** Records provided follows **
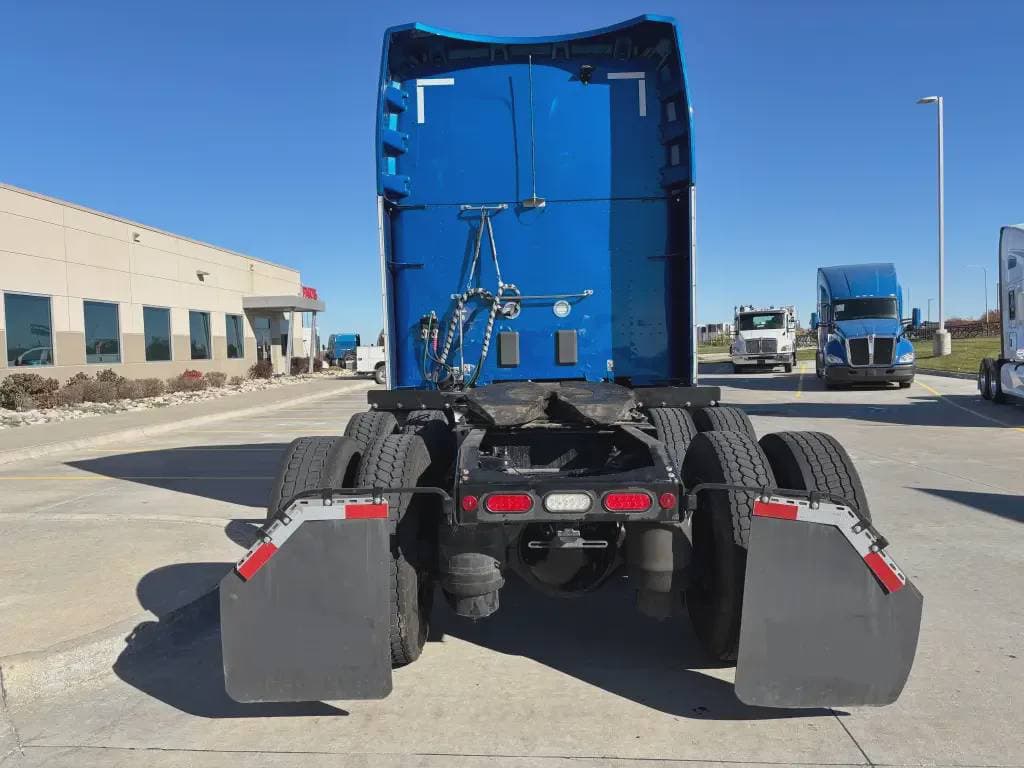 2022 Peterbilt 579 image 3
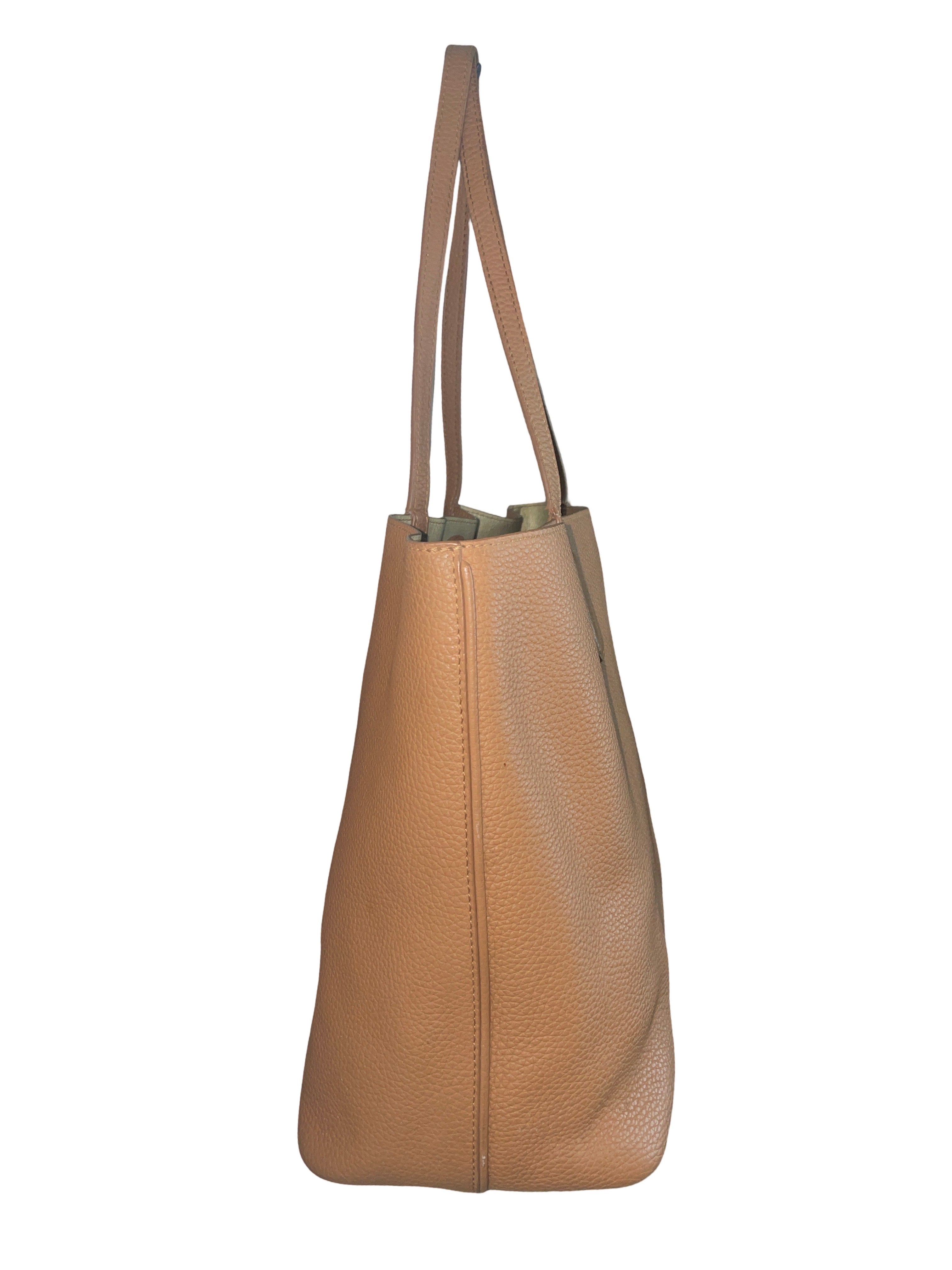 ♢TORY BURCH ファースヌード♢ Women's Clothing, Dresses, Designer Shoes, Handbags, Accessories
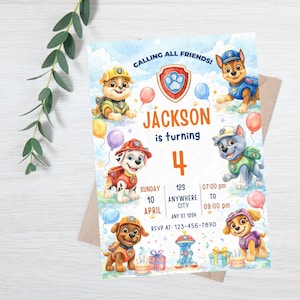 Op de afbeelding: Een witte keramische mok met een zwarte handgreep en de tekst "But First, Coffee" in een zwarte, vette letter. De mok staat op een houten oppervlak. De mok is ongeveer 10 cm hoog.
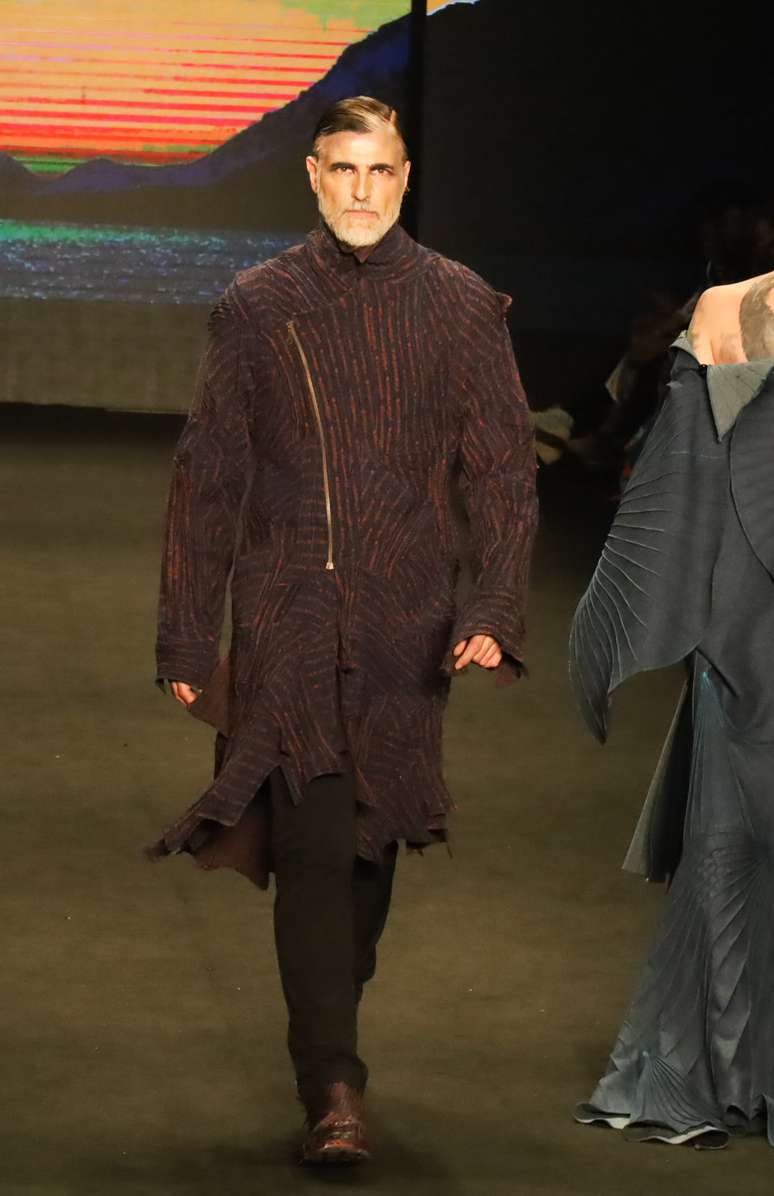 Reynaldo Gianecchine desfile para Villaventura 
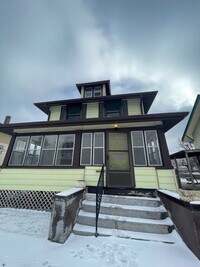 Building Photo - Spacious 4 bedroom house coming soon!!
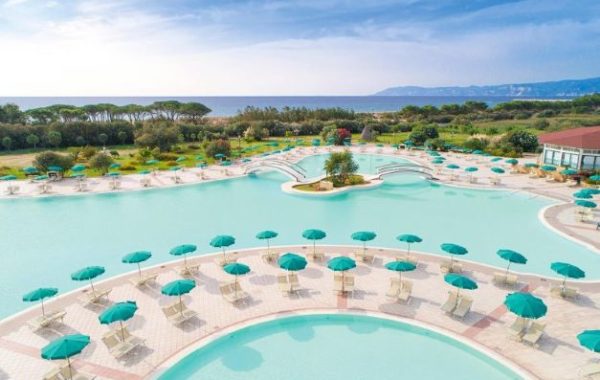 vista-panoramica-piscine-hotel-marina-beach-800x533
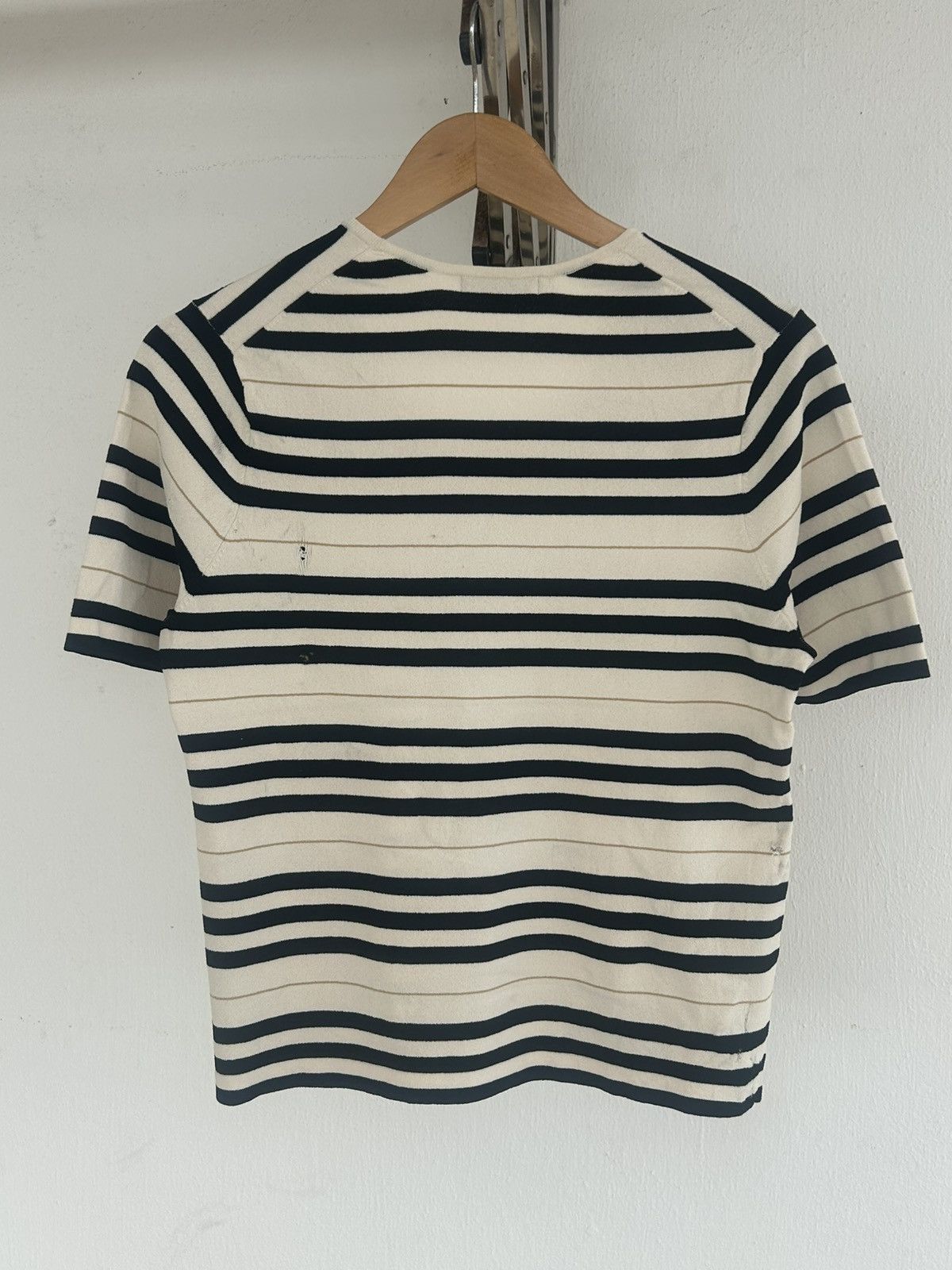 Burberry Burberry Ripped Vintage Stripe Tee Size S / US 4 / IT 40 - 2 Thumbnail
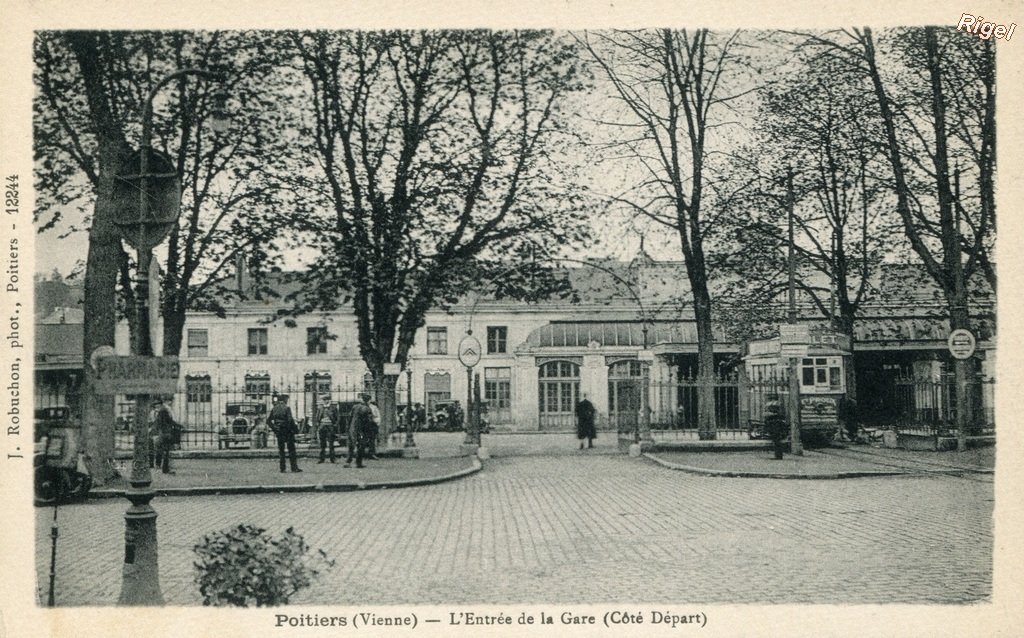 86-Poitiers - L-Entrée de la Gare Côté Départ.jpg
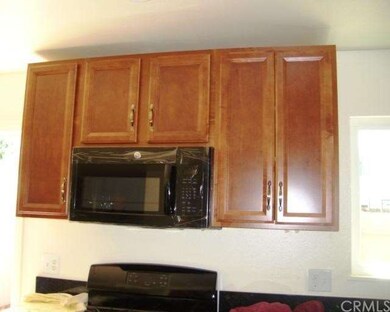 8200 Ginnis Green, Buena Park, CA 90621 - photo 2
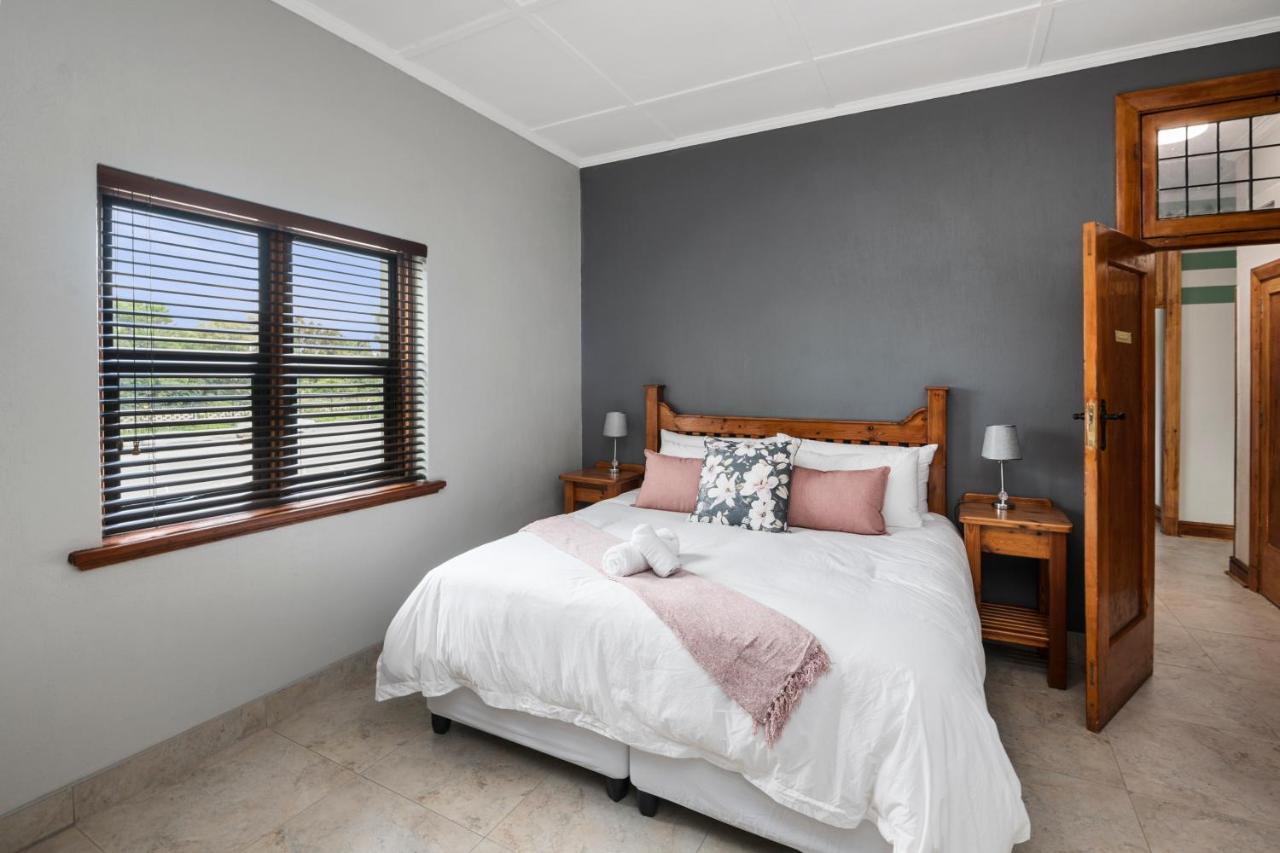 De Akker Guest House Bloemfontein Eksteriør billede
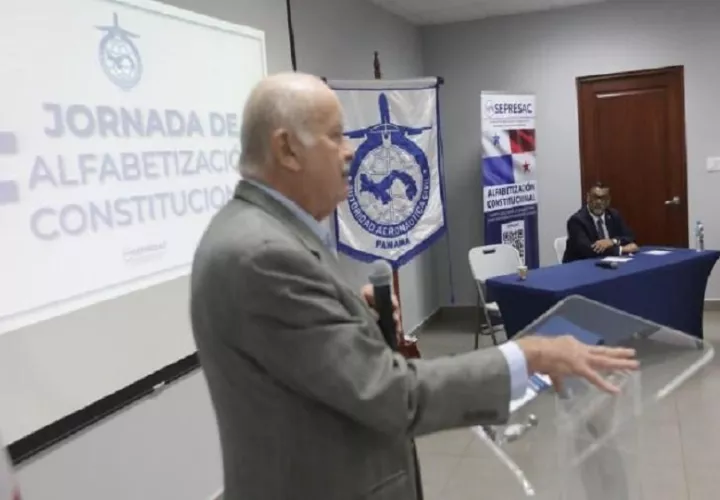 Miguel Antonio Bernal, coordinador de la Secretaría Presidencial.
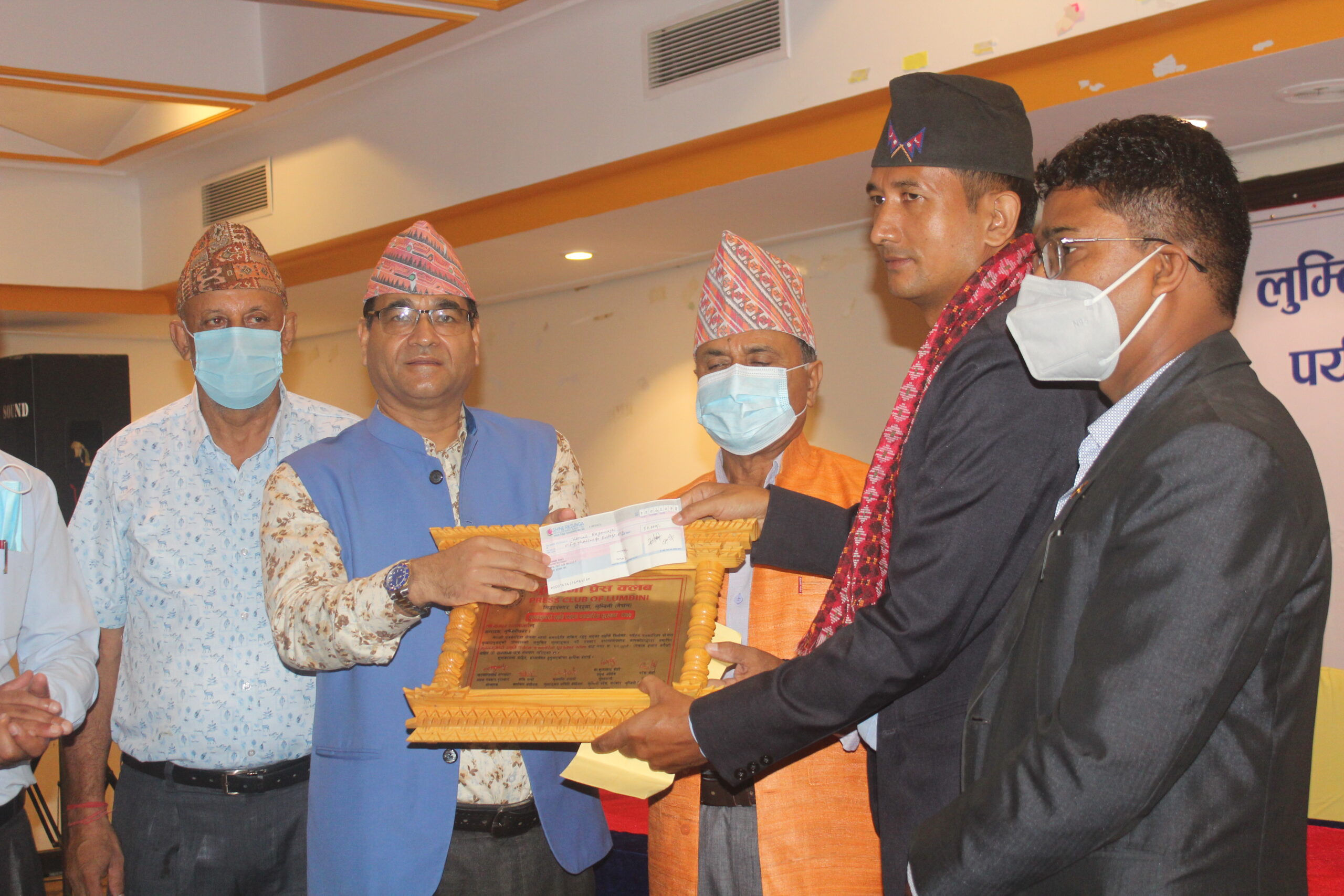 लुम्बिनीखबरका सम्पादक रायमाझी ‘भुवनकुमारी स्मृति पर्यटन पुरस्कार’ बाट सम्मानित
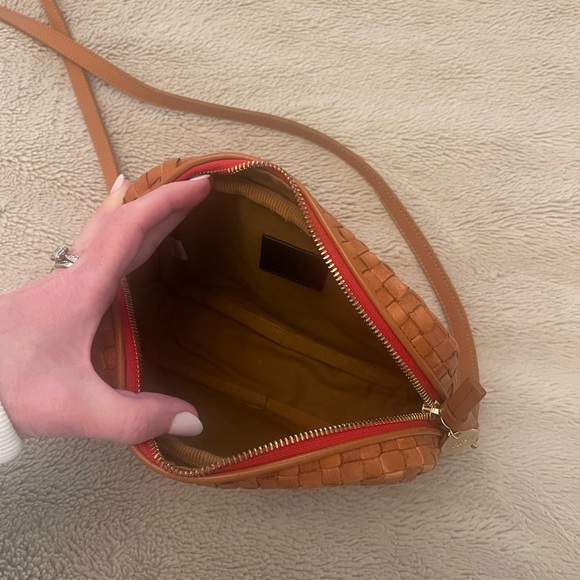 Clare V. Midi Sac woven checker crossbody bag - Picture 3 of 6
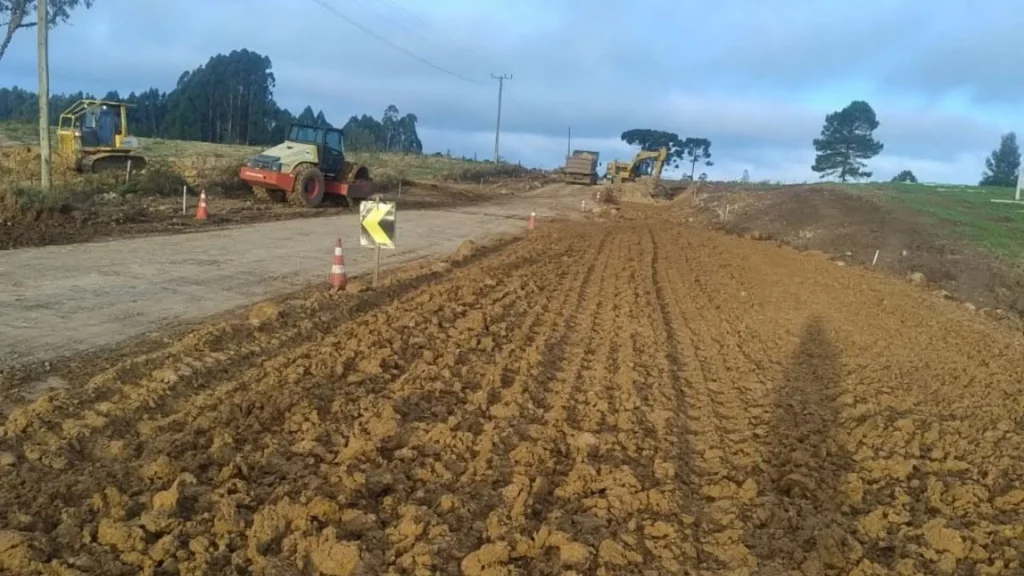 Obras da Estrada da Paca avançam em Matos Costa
** End of Records provided **
### Problem details
The line with "Op de afbeelding: Een" and each line after it, through the final line of the data, are to be duplicated exactly, with pictures left out and nothing more included.

### Exercise result
 Op de afbeelding: Een witte keramische mok met een zwarte handgreep en de tekst "But First, Coffee" in een zwarte, vette letter. De mok staat op een houten oppervlak. De mok is ongeveer 10 cm hoog.
 Reynaldo Gianecchine desfile para Villaventura 
 Building Photo - Spacious 4 bedroom house coming soon!!
 vista-panoramica-piscine-hotel-marina-beach-800x533
 Burberry Burberry Ripped Vintage Stripe Tee Size S / US 4 / IT 40 - 2 Thumbnail
 86-Poitiers - L-Entrée de la Gare Côté Départ.jpg
 8200 Ginnis Green, Buena Park, CA 90621 - photo 2
 De Akker Guest House Bloemfontein Eksteriør billede
 Miguel Antonio Bernal, coordinador de la Secretaría Presidencial.
 लुम्बिनीखबरका सम्पादक रायमाझी ‘भुवनकुमारी स्मृति पर्यटन पुरस्कार’ बाट सम्मानित
 Clare V. Midi Sac woven checker crossbody bag - Picture 3 of 6
 Obras da Estrada da Paca avançam em Matos Costa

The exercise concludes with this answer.